Predicting Asthma Pervasiveness and Exacerbations without Surveys in Canada
by Yigit Aydede, Mutlu Yuksel, Andrea Giusto
Abstract: Asthma is one of the most common chronic diseases in Canada that has a profound impact on more than 3.8 million people’s life and the well-being of societies. Lack of accurate and high-frequency real-time surveillance data prevents timely and targeted interventions at the community or individual level. Canadian Chronic Disease Surveillance System, which is the main public health infobase on chronic diseases, provides data on incident and prevalent cases of asthma with long delays as the health care utilization is the only source of information. Thus, oscillations in respiratory symptoms are mostly underreported or reported at the time of health care service utilization, not at the time of exacerbations. The objective of this study is to provide nontraditional back-stage information on asthma that might not be available from traditional surveys.
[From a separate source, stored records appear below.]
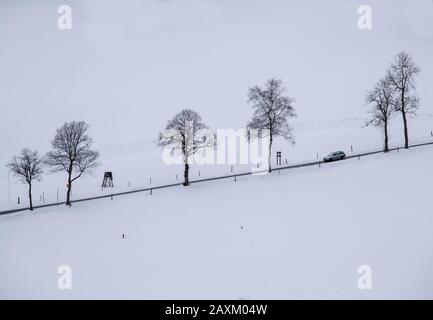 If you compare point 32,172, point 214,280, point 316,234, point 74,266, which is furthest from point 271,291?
point 32,172

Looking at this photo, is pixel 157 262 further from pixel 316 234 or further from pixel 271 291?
pixel 316 234

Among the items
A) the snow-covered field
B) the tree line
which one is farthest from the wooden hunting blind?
the snow-covered field

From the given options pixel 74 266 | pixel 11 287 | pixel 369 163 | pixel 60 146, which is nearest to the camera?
pixel 11 287

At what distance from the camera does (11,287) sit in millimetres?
18812

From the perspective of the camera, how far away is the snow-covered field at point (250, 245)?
55.0 feet

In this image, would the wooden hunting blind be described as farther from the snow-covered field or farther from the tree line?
the snow-covered field

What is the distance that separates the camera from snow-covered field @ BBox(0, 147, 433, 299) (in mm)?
16750

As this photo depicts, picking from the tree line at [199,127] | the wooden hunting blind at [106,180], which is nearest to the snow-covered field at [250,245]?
the tree line at [199,127]

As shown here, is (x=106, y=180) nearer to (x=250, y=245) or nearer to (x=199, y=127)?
(x=199, y=127)

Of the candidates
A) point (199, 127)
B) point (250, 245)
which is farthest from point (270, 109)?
point (250, 245)

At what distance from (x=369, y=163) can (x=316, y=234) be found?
2030cm

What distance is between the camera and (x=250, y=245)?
811 inches

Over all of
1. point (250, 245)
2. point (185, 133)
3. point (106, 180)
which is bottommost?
point (250, 245) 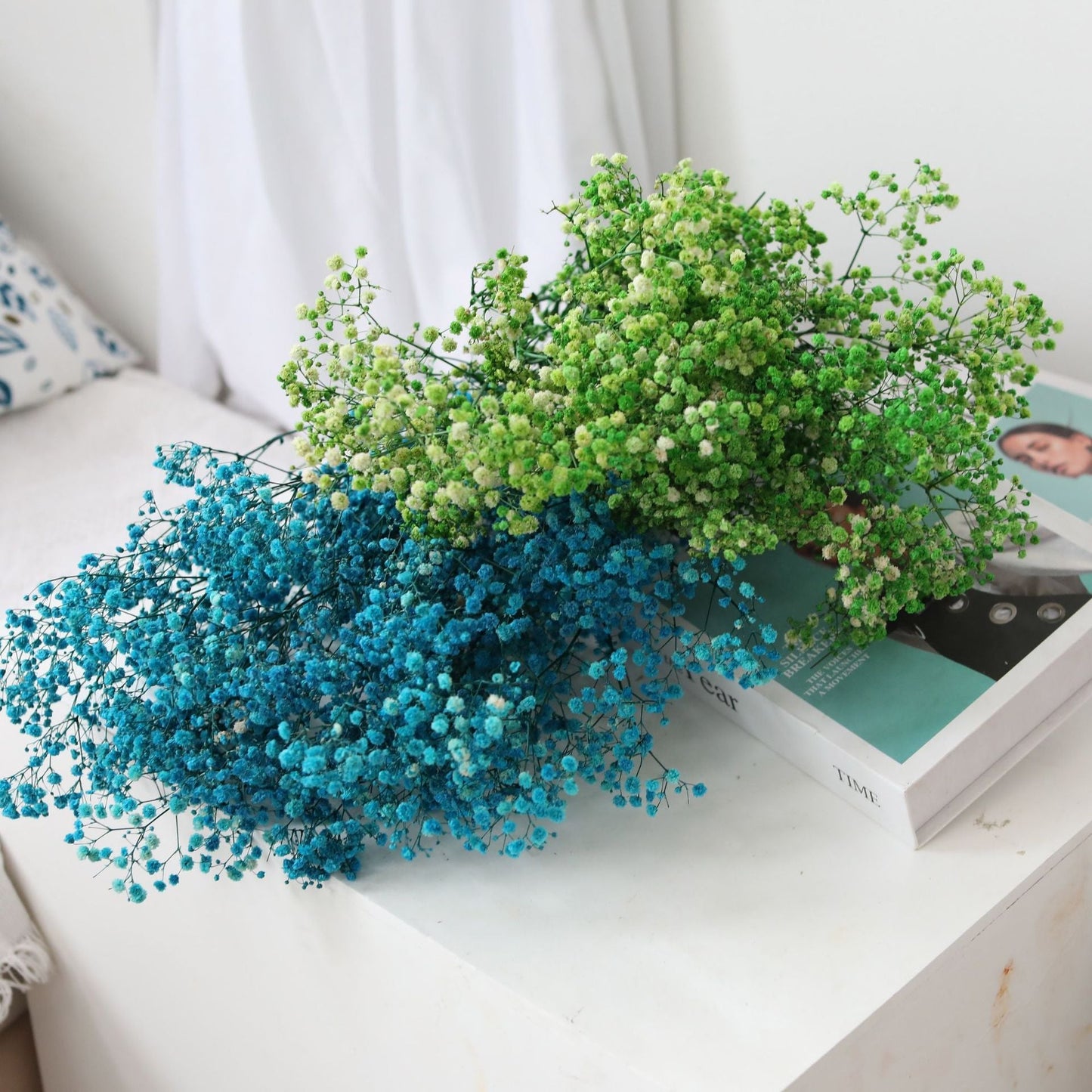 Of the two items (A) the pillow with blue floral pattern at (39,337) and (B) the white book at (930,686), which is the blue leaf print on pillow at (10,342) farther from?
(B) the white book at (930,686)

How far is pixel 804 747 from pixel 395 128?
0.77 m

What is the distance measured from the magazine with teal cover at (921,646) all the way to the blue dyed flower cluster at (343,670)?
0.05 m

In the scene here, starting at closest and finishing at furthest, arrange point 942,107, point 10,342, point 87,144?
point 942,107
point 10,342
point 87,144

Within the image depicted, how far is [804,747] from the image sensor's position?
2.26 feet

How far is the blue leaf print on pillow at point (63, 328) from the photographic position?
1316 mm

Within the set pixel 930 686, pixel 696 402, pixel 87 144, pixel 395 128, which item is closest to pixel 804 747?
pixel 930 686

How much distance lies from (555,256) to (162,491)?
1.55 feet

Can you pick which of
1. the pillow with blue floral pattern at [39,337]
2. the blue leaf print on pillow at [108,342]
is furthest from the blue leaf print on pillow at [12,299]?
the blue leaf print on pillow at [108,342]

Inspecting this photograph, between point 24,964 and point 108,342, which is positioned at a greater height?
point 108,342

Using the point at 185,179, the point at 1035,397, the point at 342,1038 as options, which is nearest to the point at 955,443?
the point at 1035,397

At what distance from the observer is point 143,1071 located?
891 mm

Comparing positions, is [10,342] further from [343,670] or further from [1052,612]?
[1052,612]

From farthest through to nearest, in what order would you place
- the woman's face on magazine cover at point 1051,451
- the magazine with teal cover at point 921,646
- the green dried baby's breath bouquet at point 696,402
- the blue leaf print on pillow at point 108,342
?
the blue leaf print on pillow at point 108,342 → the woman's face on magazine cover at point 1051,451 → the magazine with teal cover at point 921,646 → the green dried baby's breath bouquet at point 696,402

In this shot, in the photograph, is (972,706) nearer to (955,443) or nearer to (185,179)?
(955,443) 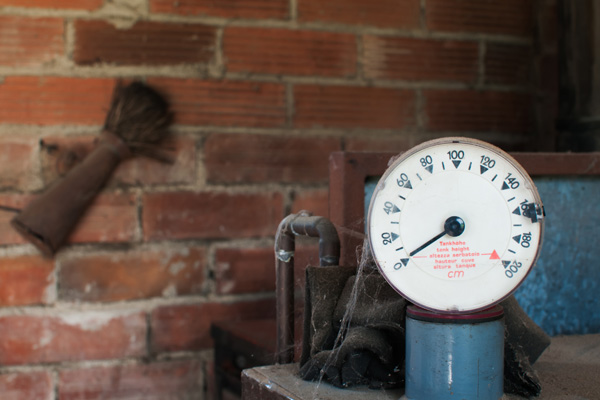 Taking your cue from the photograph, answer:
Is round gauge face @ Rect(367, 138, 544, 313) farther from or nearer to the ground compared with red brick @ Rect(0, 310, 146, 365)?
farther from the ground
Obtained from Twitter and Google, we test the validity and reliability of high-frequency real-time information by predicting their response to meteorological and air quality data with advance machine learning methods at the provincial and city level.
What can be predicted from a national health survey? Is cancer one of them?
by Yigit Aydede, Mutlu Yuksel, Andrea Giusto
Abstract: A consideration of predicting cancer or any chronic disease using publicly available data is a taunting thought experiment and, in fact, any attempt may seem to be unscientifically overpromising. Canada has a national survey, Canadian Community Health Survey (CCHS), that has been used as a major health surveillance system. With recently available and digitally recorded health care utilization linked to CCHS, it has become obvious that there may be treasures of meaningful information buried in those data, which, however, is way too large and too complex for humans to make sense of. We first create a unique panel data that follows the same person 10 years from 2001 to 2011 by the linked CCHS and the Discharge Abstract Database (DAD). This data records every hospital visit with more than 33450 disease codes in hourly timing. Learning to detect meaningful patterns in large and complex data sets, such as this, with the help of every-increasing memory capacity and processing speed of super computers opens up new horizons. Therefore, we ask: can we predict cancer or any chronic disease by using this data? We first used Public Use Microdata Files (PUMF) of 2012-213 CCHS without the DAD link to see the predictive power of the data when it is used with advance machine learning models. In our first attempt, we identified 26 predictive factors and 71% success in predicting incident of cancer. Can this be used as a recommender system? Our results are promising that, with more and better data that can be achieved with adjusted new survey designs, and the panel data that we built, we can expand the prediction power to new unexplored territories. This study is design to see the predictive power of data that can be extracted by advance machine learning models and to suggest tangible improvements in surveys to help researchers who are willing to take this challenge.